Microsoft to marry Yammer

Summary:The old guard are marrying off upstart competitors into their product portfolios. But is the battle for supremacy among Microsoft, IBM, SAP and Oracle still relevant -- and has it scarred long-term relationships with customers?

We're deep into the wedding season in the software world, with lots of rumors and proposals flying around as mature suitors eye the vitality of relatively young brides. Deep pocketed, mature enterprise companies are increasingly moving to roll up innovative challengers and convert them into features of their suite offerings.

The whole reason for the Enterprise 2.0 movement, which became visible around six years ago, was sheer frustration at the lack of innovation and momentum around on-premise enterprise software. A grass roots revolt in the cubicles by people aware of the promise of Web 2.0, cloud and mobile innovations quickly fueled a nascent industry of agile, fast moving upstarts.

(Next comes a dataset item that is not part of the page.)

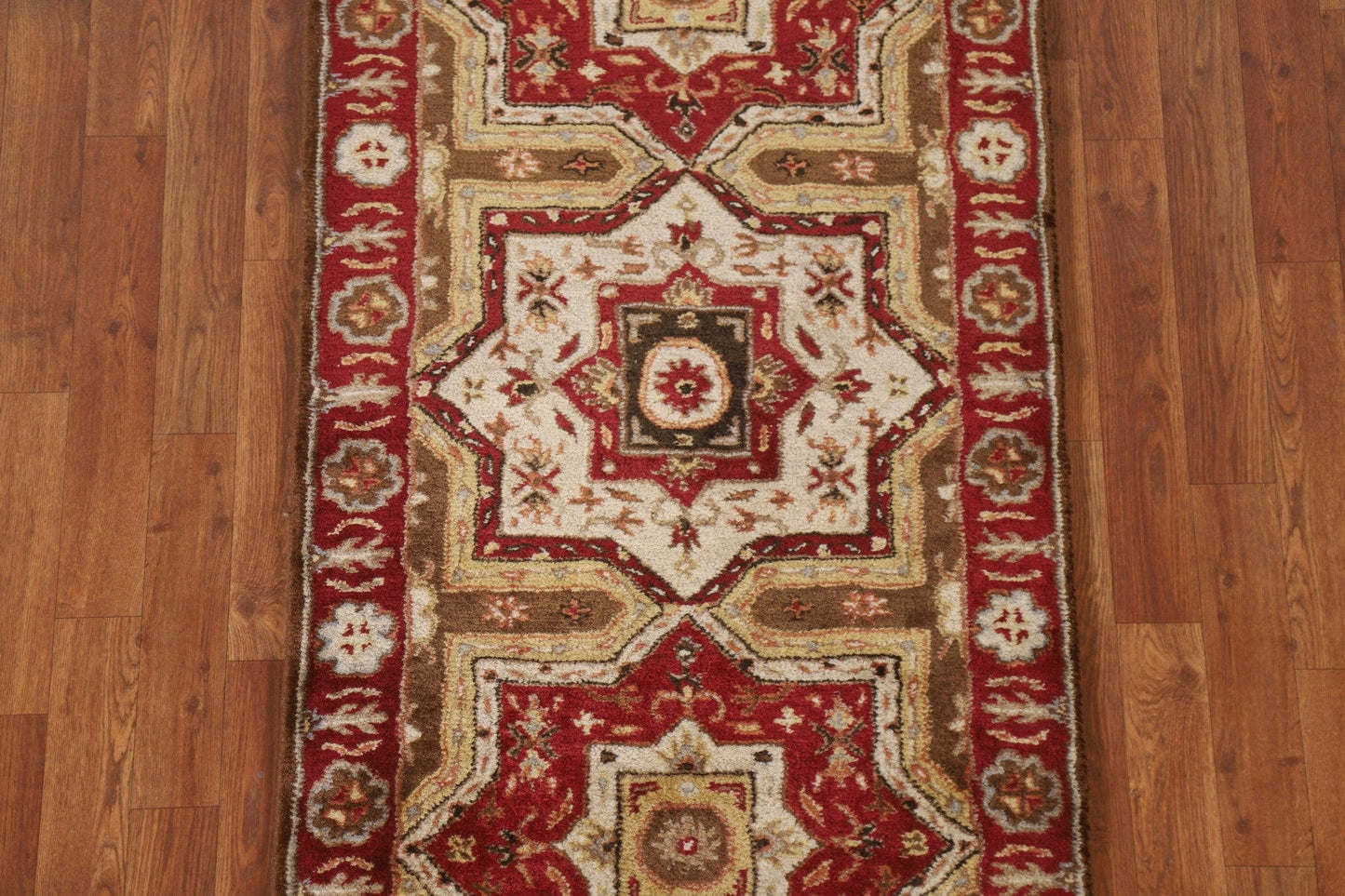 Geometric Kazak Indian Runner Rug 3x8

Next week sees the latest Enterprise 2.0 conference in Boston, with rumors swirling around the probable purchase of Yammer, the freemium model enterprise social network service by Microsoft for 1.2 billion US dollars.

Microsoft are the heavyweight champions of the fremium model having trojan horsed their Sharepoint product onto countless companies servers, who then upgraded to a pay model over the last ten years, and now use it for their Microsoft Office document content management. The Enterprise 2.0 movement was in large part a reaction to the shortcomings of that product, so it will be interesting to see what Microsoft do with Yammer, if and when they own it,  and Skype the voice over ip telephony company they have owned since May of last year. It will also be interesting to see where the loyal partner ecosphere around Sharepoint - particularly Newsgator, who have made current iterations of Sharepoint somewhat more of a viable internal social network - fit into future Microsoft plans.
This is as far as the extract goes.